WORK INSTRUCTION => For this exercise, output every line of the data as it stands.

---------- THE DATA ----------

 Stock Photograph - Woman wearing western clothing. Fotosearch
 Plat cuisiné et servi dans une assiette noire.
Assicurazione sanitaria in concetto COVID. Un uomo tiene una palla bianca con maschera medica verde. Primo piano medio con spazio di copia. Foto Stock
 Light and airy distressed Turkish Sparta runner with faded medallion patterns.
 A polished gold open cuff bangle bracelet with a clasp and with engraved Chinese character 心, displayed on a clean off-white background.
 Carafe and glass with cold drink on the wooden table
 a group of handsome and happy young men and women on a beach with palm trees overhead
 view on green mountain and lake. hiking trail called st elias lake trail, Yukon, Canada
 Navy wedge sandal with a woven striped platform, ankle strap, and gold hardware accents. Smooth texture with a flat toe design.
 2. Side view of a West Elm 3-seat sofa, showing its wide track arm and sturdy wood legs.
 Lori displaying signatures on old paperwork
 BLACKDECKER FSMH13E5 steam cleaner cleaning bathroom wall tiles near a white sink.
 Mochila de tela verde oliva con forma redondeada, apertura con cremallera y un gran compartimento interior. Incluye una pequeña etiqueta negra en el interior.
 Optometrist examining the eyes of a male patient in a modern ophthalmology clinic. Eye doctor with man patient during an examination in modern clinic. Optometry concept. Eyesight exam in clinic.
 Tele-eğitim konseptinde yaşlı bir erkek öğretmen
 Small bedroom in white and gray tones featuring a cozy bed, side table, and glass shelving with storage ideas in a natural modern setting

----------

RESPONSE FOR THIS EXERCISE =>
 Stock Photograph - Woman wearing western clothing. Fotosearch
 Plat cuisiné et servi dans une assiette noire.
Assicurazione sanitaria in concetto COVID. Un uomo tiene una palla bianca con maschera medica verde. Primo piano medio con spazio di copia. Foto Stock
 Light and airy distressed Turkish Sparta runner with faded medallion patterns.
 A polished gold open cuff bangle bracelet with a clasp and with engraved Chinese character 心, displayed on a clean off-white background.
 Carafe and glass with cold drink on the wooden table
 a group of handsome and happy young men and women on a beach with palm trees overhead
 view on green mountain and lake. hiking trail called st elias lake trail, Yukon, Canada
 Navy wedge sandal with a woven striped platform, ankle strap, and gold hardware accents. Smooth texture with a flat toe design.
 2. Side view of a West Elm 3-seat sofa, showing its wide track arm and sturdy wood legs.
 Lori displaying signatures on old paperwork
 BLACKDECKER FSMH13E5 steam cleaner cleaning bathroom wall tiles near a white sink.
 Mochila de tela verde oliva con forma redondeada, apertura con cremallera y un gran compartimento interior. Incluye una pequeña etiqueta negra en el interior.
 Optometrist examining the eyes of a male patient in a modern ophthalmology clinic. Eye doctor with man patient during an examination in modern clinic. Optometry concept. Eyesight exam in clinic.
 Tele-eğitim konseptinde yaşlı bir erkek öğretmen
 Small bedroom in white and gray tones featuring a cozy bed, side table, and glass shelving with storage ideas in a natural modern setting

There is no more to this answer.